If you want to get a share of shoppers’ appetite for buying gifts for the holiday season, now would be a great time to get into business, and Amazon knows that. So get ready for Amazon Handmade, a site selling handcrafted goods that the company hopes will challenge Etsy’s business.
Even though both these websites look like they are doing the same thing, descriptions of Amazon Handmade proves that wrong by addressing a different seller base and featuring a different stance on manufacturing and fee structure.
The Seattle-based retailer explained that the new website will have almost anything you can think of, starting from $30 walnut cufflinks delivered from Australia to $320 handmade quilts produced in Wisconsin.
Joining Handmade as a seller if invite-based, and partners started being invited back in May to gain access to Amazon’s more than 285 million shoppers. According to their statement, Amazon Handmade has come into existence at the request of the customers and in response to the many site searches for crafty items.

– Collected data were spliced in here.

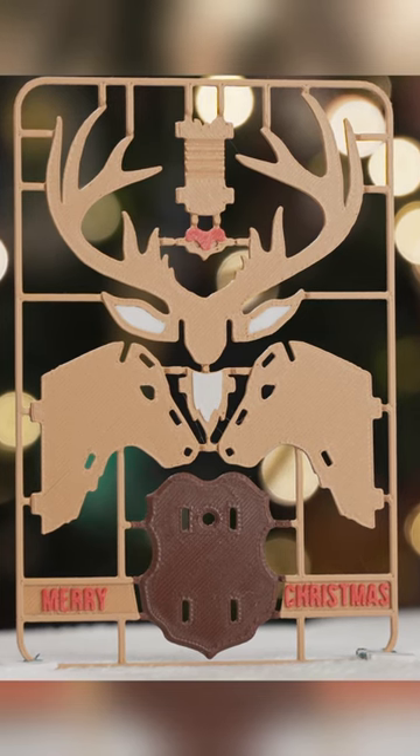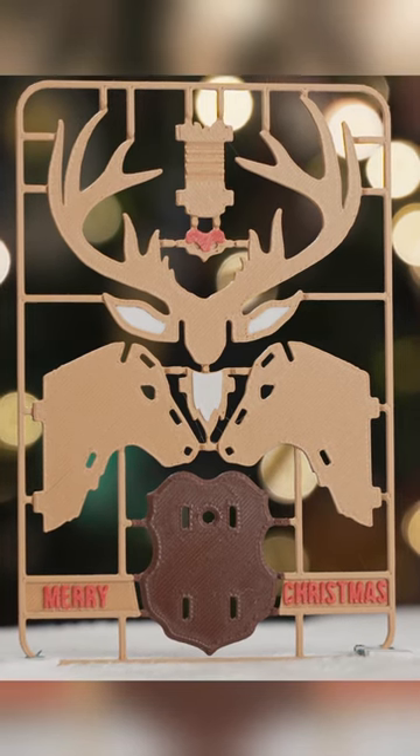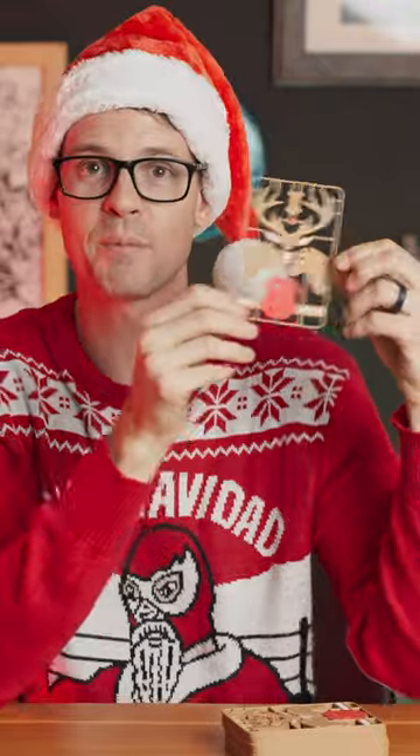Tony Short from the UK designed this reindeer mount, which I thought was really cool and is actually the thing that I've been printing for this year — so I've got a ton of these. If you're getting a card from us, sorry, spoiler!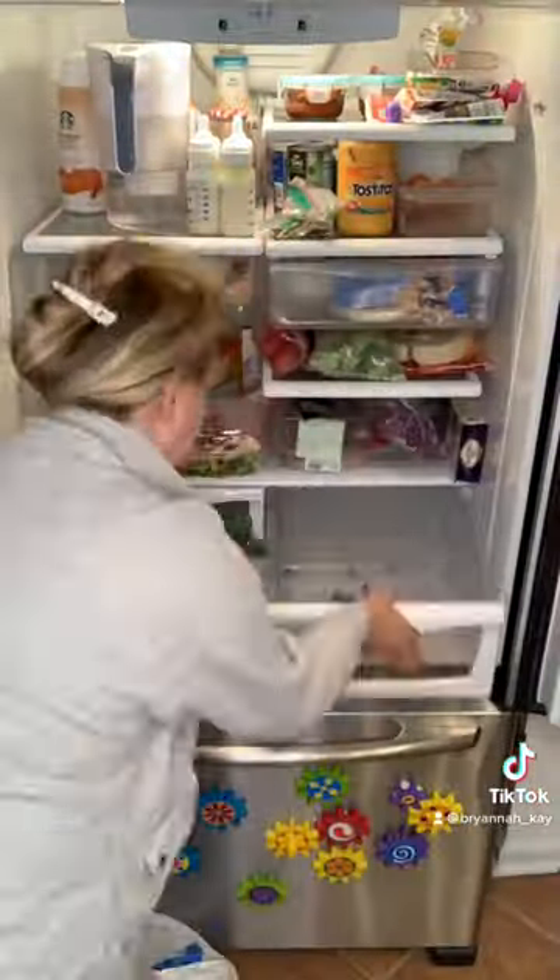I went and did a refresh in the refrigerator, cleaned out some of the produce drawers, and got some of the crumbs out of the refrigerator as well.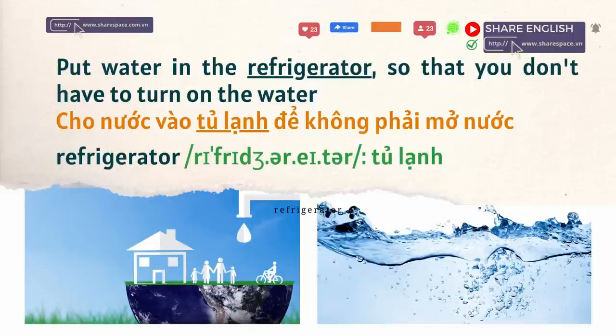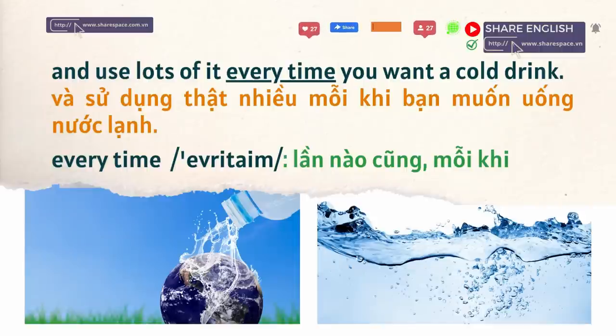Put water in the refrigerator so that you don't have to turn on the water, and use lots of it every time you want a cold drink.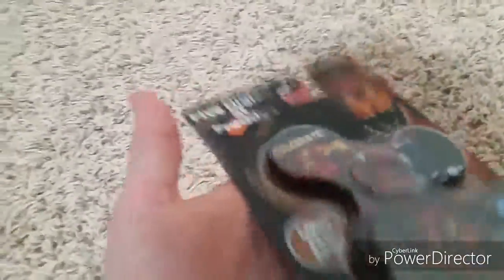So the package contains a Five Nights at Freddy's logo with Withered Freddy in the background, with Classic Freddy standing there, stating the name and the company that made this. So let's just open the package here.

Peter Faricy, vice president for Amazon Marketplace, said handcrafted and handmade items are among the most looked for on the website, and it was only the next logical step to meet the sheer demand by creating a standalone website.
Focusing on this merchandise pits Amazon directly against Etsy Inc., a company that started 10 years ago in the form of a marketplace for homemade goods. Public since April, Etsy is however rather different in scope and size.
At the moment of launch, Amazon Handmade’s offering will have to grow quite a lot to reach Etsy’s size; now it features 80,000 items from about 5,000 sellers coming from 50 states and 60 countries. The parent company will take a 12 percent fee from Amazon Handmade sellers’ overall sales; for now, listing or monthly fees are not required in order to start.
By comparison, Etsy’s scope is a lot broader, with 1.5 million sellers and 21.7 million buyers reported in June 30. The handmade company has set a 3.5 percent fee on overall sales and takes a 20 cent listing fee per item.
Manufacturing policies also differ; Amazon’s sellers can only sell “factory-free” items and not made by manufacturers, whereas Etsy has started allowing some merchants use manufacturers for some of their products back in 2013.
This is where the challenge rises: do you keep the platform strictly for handmade craft sellers, or do you allow them to move to the next level and make more money by mass manufacturing?